=== Section Start ===

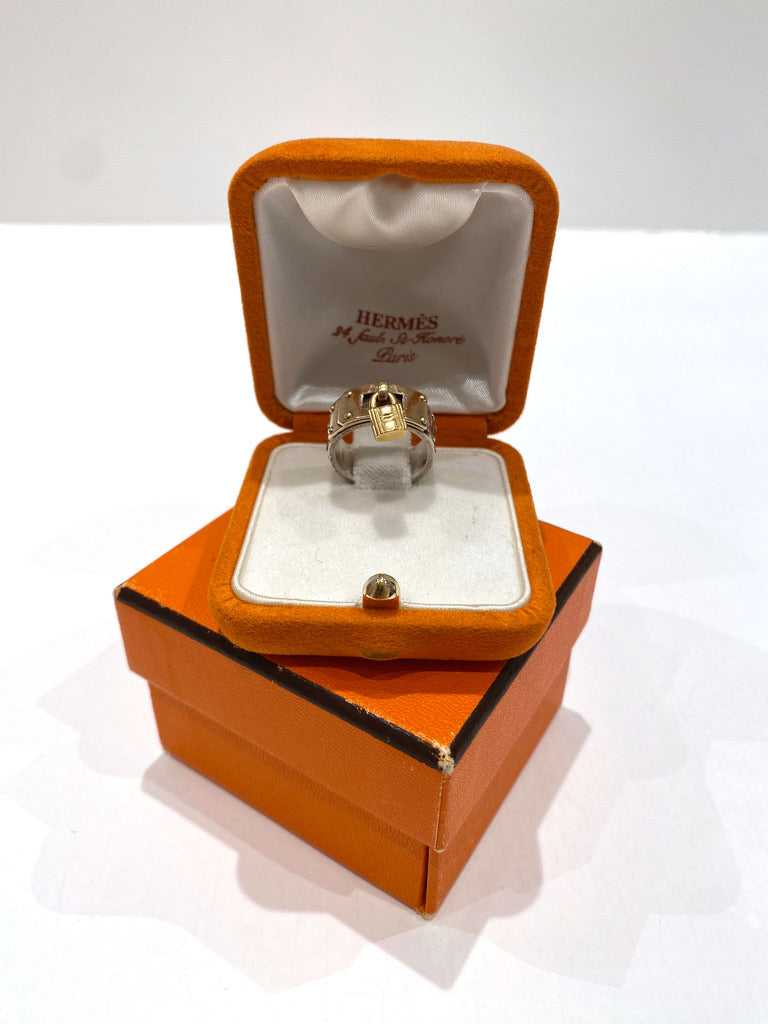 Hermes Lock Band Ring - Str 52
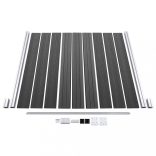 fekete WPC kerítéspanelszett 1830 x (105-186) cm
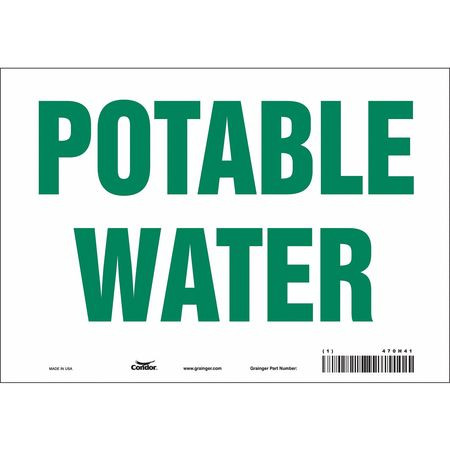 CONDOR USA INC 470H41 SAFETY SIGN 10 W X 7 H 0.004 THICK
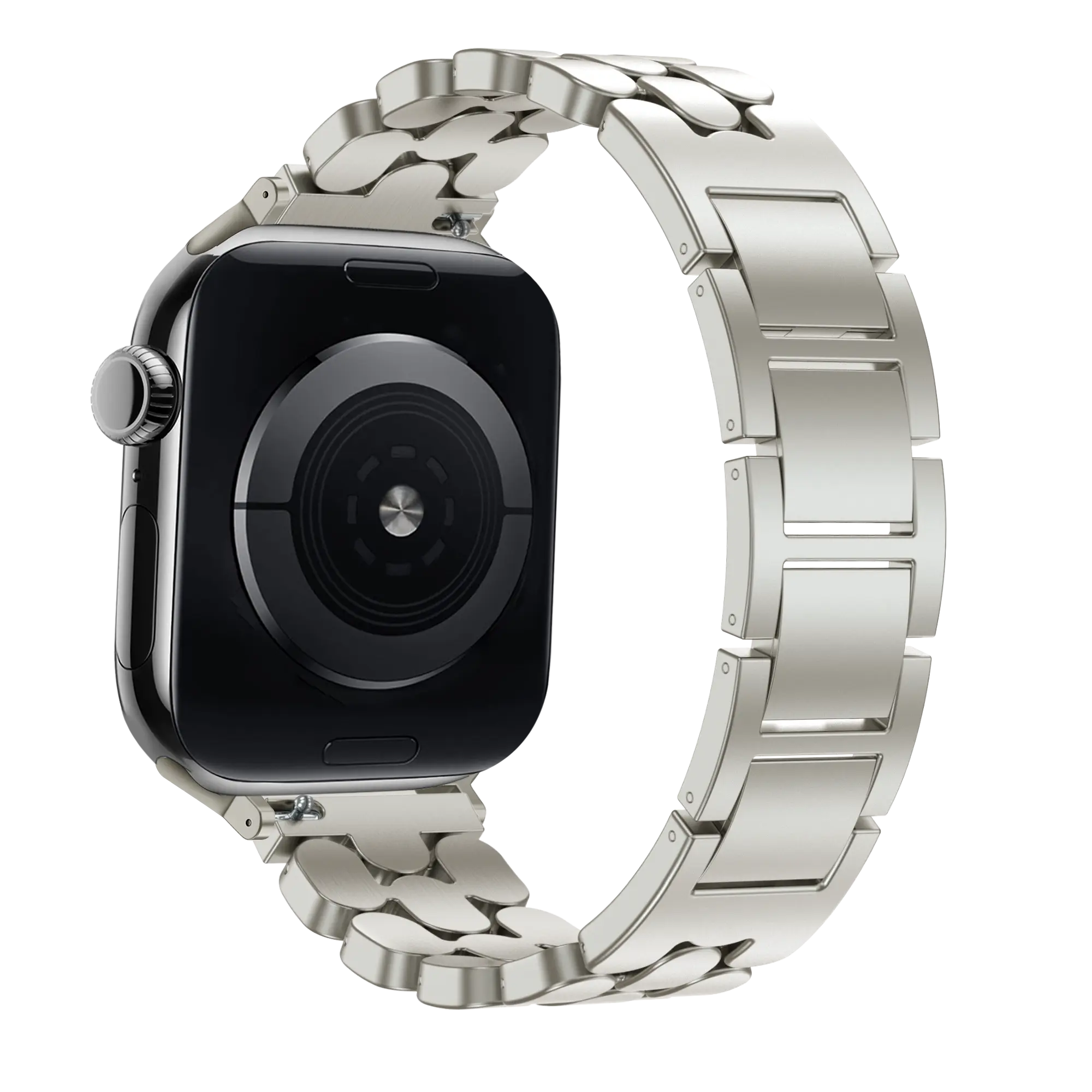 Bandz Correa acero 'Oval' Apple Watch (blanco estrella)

=== Section End ===

WORK REQUIRED => An exact transcription is requested of each line from the one that holds "fekete WPC kerítéspanelszett" to the end of the listing above, both boundary lines included; pictures are to be omitted.

EXPECTED ANSWER =>
 fekete WPC kerítéspanelszett 1830 x (105-186) cm
 CONDOR USA INC 470H41 SAFETY SIGN 10 W X 7 H 0.004 THICK
 Bandz Correa acero 'Oval' Apple Watch (blanco estrella)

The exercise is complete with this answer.